The statute of the "Six Articles" does not invalidate the view of Henry's reforms which I have put forward. Human nature is full of inconsistencies, and to no man is this remark more applicable than to the strangely complex character of Henry VIII. Creamer was chiefly responsible for the burning of Joan Bucher for heresy in the reign of Edward VI. Yet that fact hardly proves that Creamer was no reformer.

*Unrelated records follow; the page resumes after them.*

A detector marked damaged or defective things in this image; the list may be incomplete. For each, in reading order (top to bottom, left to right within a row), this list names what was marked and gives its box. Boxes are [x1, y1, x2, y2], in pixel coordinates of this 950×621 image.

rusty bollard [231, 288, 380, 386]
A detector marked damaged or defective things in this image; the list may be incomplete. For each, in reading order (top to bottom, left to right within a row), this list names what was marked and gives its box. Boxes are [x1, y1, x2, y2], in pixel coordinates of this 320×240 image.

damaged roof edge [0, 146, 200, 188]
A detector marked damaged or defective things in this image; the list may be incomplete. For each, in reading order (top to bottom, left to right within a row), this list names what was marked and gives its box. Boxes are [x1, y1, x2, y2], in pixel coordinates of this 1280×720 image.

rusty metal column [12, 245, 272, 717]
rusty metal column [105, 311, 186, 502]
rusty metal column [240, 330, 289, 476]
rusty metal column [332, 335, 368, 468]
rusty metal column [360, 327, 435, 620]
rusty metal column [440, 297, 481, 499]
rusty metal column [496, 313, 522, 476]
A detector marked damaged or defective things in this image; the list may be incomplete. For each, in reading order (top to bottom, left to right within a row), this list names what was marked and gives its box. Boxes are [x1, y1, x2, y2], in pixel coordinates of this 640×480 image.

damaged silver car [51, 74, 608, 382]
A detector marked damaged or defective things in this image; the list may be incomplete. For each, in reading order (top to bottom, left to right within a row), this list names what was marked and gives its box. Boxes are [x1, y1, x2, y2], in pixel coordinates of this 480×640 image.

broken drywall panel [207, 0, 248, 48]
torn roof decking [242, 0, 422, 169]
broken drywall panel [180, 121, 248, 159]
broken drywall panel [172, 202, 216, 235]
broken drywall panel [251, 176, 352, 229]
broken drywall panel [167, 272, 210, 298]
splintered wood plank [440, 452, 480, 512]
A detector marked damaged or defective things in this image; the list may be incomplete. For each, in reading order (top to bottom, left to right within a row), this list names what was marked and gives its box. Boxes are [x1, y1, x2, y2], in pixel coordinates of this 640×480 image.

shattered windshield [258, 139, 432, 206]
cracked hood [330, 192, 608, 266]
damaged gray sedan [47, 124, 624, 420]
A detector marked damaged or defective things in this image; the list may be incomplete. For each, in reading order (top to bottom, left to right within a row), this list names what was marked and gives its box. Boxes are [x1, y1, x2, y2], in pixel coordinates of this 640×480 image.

Your reviewer has misunderstood, however, my reference to the "Six Articles." Of course, I had not forgotten the case of Anne Askew and those who were burned for heresy about the same time. But were those prosecutions "under the statute of the Six Articles," or under the previous law against heresy? I did not look up the processes, as I ought to have done, and I have no access to them here, or to Acts of Parliament. I must there- fore rely on my memory for the following statement. By the previous law (which the statute of the "Six Articles" did not repeal) persons accused of heresy could be proceeded against, and on conviction burnt, on the testimony of two witnesses only. The statute of the "Six Articles" did not mitigate this law, but rather aggravated it. But it was soon modified in favour of the accused by the following important provisions. No information could be received under the statute unless verified by the oaths of at least twelve men ; the act complained of must have been done within a year; and, if words, must have been spoken within forty days ; and the laity were exempted from capital punishment for heresy. If my memory serves me aright, I do not see how Anne Askew and the others could have been burnt under the "Six Articles." I assumed—perhaps rashly—that they were executed under the old unrepealed law, which remained on the statute-book till the reign of Charles II. Anyhow, the statute of the "Six Articles," as modified, was a most merciful mitigation of the old law ; and one proof of this is the fact that the Bishops obtained from Parliament in Mary's time the repeal of the amended statute of the "Six Articles," which required a regular

Court and twelve witnesses, and the exemption of the laity from death for heresy, leaving the accused under the severity of the old law. As the subject is so important, perhaps you will not grudge me the space for the elucidation of the real facts.

The Residence, Ripon.

[We regret that we should have attributed to* Canon MacColl a view which he now tells us he does not hold. Nothing was further from our intention than to publish anything which should give him pain or annoyance.—En. Spectator.]